Question

Differentiate $\log \sin x$ by first principle.

Answer 1

Hint – First principle of derivatives says that for $f(x)$, ${f^,}(x) = \mathop {\lim }\limits_{h \to 0} \dfrac{{f(x + h) - f(x)}}{h}$. So, apply the given equation to the function given in the question.

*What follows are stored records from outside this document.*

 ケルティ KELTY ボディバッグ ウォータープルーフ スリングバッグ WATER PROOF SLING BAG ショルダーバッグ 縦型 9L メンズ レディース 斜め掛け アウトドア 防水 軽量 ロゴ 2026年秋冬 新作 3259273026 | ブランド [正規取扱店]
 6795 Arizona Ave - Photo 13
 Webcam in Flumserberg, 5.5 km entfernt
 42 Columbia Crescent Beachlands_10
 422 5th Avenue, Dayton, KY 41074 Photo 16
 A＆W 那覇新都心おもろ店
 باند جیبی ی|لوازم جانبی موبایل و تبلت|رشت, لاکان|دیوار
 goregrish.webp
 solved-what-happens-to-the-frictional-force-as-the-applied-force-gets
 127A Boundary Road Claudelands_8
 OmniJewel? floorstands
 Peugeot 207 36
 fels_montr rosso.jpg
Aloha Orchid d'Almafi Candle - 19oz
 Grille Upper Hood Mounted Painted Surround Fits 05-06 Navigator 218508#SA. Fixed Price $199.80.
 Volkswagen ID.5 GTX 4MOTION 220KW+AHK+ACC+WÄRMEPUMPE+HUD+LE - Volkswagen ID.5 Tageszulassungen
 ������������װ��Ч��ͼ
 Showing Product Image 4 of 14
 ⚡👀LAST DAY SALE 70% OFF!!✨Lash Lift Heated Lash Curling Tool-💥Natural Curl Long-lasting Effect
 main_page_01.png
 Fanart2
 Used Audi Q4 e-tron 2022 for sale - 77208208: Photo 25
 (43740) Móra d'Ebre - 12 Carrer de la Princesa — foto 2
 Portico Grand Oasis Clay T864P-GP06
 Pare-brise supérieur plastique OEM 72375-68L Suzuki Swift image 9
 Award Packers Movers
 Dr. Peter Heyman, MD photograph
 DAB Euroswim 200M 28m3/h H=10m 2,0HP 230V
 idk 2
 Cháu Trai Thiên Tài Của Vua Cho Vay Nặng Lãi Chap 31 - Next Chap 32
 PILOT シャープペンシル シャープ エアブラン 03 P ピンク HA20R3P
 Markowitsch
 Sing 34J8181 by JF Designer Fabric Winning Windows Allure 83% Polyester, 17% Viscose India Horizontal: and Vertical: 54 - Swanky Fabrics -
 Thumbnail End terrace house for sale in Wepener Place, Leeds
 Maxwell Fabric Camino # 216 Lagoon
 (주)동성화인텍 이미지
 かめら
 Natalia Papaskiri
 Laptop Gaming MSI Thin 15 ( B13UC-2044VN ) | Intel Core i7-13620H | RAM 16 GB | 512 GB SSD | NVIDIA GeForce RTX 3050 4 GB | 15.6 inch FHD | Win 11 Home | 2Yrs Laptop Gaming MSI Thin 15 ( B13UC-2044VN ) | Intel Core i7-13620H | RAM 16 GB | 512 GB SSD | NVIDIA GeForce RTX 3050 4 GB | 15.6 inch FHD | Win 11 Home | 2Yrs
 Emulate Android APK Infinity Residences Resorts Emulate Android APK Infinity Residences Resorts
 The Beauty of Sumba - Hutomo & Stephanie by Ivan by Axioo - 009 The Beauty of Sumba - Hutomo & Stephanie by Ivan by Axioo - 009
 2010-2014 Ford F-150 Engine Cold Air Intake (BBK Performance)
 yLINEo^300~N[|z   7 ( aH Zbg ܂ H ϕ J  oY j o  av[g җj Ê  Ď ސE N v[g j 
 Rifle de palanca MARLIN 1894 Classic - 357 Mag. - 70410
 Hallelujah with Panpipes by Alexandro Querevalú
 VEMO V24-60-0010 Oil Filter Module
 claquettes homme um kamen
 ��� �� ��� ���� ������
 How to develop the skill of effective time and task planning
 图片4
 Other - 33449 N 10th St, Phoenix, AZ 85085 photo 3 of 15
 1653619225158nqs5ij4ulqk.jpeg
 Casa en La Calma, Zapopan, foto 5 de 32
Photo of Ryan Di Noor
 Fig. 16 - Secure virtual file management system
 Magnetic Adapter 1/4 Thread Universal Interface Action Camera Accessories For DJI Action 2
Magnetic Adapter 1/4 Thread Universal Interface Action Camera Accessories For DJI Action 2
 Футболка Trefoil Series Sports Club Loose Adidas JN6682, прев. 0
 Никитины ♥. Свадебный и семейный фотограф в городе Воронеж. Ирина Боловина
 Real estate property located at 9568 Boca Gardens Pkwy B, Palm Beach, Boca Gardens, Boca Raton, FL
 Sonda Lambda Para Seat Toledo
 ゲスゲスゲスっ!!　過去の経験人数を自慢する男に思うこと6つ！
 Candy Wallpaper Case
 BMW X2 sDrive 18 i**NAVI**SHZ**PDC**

Complete step-by-step answer:
Let $f(x) = \log \sin x$
First principle of derivatives says that for $f(x)$,
${f^,}(x) = \mathop {\lim }\limits_{h \to 0} \dfrac{{f(x + h) - f(x)}}{h}$.
So, we shall apply it to the function given.
$f(x) = \log \sin x$
${f^,}(x) = \mathop {\lim }\limits_{h \to 0} \dfrac{{\log (\sin (x + h)) - \log (\sin x)}}{h}$ [by first principle]
Using the addition formula, we get
$\sin (A + B) = \sin A\cos B + \cos A\sin B$.
So, the above equation will transform into-
${f^,}(x) = \mathop {\lim }\limits_{h \to 0} \dfrac{{\log (\sin (x)\cos (h) + \cos (x)\sin (h)) - \log (\sin x)}}{h}$
We can also use the subtraction that says,
${\log _a}(b) - {\log _a}(c) = {\log _a}\left( {\dfrac{b}{c}} \right)$ to get, so, now the equation will be-
${f^,}(x) = \mathop {\lim }\limits_{h \to 0} \dfrac{{\log \left( {\dfrac{{\sin (x)\cos (h) + \cos (x)\sin (h)}}{{\sin x}}} \right)}}{h}$
Now, dividing numerator by sin x we get-
$= \mathop {\lim }\limits_{h \to 0} \dfrac{{\log (\cos (h) + \cot (x)\sin (h))}}{h}$
Now, cos (h) = 1, as h tends to 0.
Therefore, the equation becomes-
$= \mathop {\lim }\limits_{h \to 0} \dfrac{{\log (1 + \cot (x)\sin (h))}}{h}$
Divide and multiply by $\cot (x).\sin (h)$ , we get-
$= \mathop {\lim }\limits_{h \to 0} \dfrac{{\log (1 + \cot (x)\sin (h))}}{{h(\cot (x).\sin (h))}}.\cot (x)\sin (h)$
Now using the property $\log \left( {\dfrac{{1 + x}}{x}} \right) = 1$, so this implies that-
$\dfrac{{\log (1 + \cot x.\sinh )}}{{\cot x.\sinh }} = 1$ .
Therefore, the above equation becomes-
$= \mathop {\lim }\limits_{h \to 0} \dfrac{1}{h}.\cot (x)\sin (h)$
Now we know that $\mathop {\lim }\limits_{h \to 0} \dfrac{1}{h}\sin (h) = 1$ . So, the equation becomes now-
$= \cot (x)$
Hence, the derivative of $\log \sin x$ by first principle is cot (x).

Note- Whenever such types of question appear then always proceed using the formula ${f^,}(x) = \mathop {\lim }\limits_{h \to 0} \dfrac{{f(x + h) - f(x)}}{h}$ and be careful about evaluating limits. Just make sure that you didn’t skip any step as it is a long solution. Make the necessary assumptions when needed.